◆ **Problem to solve**
When the line with "Strategic Analysis template: Blue" appears below, start repeating lines exactly, and keep going through the line with "industrybuying.com Bourns TRIMMER"; add nothing outside that span.

◆ **Record extracts**
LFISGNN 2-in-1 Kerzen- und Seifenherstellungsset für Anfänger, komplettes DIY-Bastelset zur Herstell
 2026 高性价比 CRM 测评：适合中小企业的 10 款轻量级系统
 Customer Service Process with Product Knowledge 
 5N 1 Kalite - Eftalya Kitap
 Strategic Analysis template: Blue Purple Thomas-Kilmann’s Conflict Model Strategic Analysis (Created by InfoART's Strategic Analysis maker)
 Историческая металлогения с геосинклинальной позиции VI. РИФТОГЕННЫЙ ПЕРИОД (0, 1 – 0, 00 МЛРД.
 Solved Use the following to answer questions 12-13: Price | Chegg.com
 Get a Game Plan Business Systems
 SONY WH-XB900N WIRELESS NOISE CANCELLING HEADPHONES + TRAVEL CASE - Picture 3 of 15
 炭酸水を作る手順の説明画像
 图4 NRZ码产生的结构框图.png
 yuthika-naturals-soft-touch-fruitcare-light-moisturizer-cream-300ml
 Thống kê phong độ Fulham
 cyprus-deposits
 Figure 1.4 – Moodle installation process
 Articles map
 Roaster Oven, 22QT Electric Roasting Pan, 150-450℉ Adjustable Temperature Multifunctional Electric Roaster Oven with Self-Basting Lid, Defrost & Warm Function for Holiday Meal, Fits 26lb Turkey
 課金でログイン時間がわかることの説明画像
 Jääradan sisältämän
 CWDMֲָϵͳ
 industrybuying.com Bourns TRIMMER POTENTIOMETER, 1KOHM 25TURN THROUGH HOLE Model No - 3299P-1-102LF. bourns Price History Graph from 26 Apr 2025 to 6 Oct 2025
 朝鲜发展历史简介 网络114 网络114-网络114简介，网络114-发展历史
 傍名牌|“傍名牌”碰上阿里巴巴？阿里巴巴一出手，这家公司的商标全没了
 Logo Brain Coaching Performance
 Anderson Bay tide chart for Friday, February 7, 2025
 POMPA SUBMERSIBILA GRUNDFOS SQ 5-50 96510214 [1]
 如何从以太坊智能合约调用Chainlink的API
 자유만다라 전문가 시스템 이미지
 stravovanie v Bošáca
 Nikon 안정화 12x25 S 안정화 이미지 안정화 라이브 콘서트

◆ **Answer box**
 Strategic Analysis template: Blue Purple Thomas-Kilmann’s Conflict Model Strategic Analysis (Created by InfoART's Strategic Analysis maker)
 Историческая металлогения с геосинклинальной позиции VI. РИФТОГЕННЫЙ ПЕРИОД (0, 1 – 0, 00 МЛРД.
 Solved Use the following to answer questions 12-13: Price | Chegg.com
 Get a Game Plan Business Systems
 SONY WH-XB900N WIRELESS NOISE CANCELLING HEADPHONES + TRAVEL CASE - Picture 3 of 15
 炭酸水を作る手順の説明画像
 图4 NRZ码产生的结构框图.png
 yuthika-naturals-soft-touch-fruitcare-light-moisturizer-cream-300ml
 Thống kê phong độ Fulham
 cyprus-deposits
 Figure 1.4 – Moodle installation process
 Articles map
 Roaster Oven, 22QT Electric Roasting Pan, 150-450℉ Adjustable Temperature Multifunctional Electric Roaster Oven with Self-Basting Lid, Defrost & Warm Function for Holiday Meal, Fits 26lb Turkey
 課金でログイン時間がわかることの説明画像
 Jääradan sisältämän
 CWDMֲָϵͳ
 industrybuying.com Bourns TRIMMER POTENTIOMETER, 1KOHM 25TURN THROUGH HOLE Model No - 3299P-1-102LF. bourns Price History Graph from 26 Apr 2025 to 6 Oct 2025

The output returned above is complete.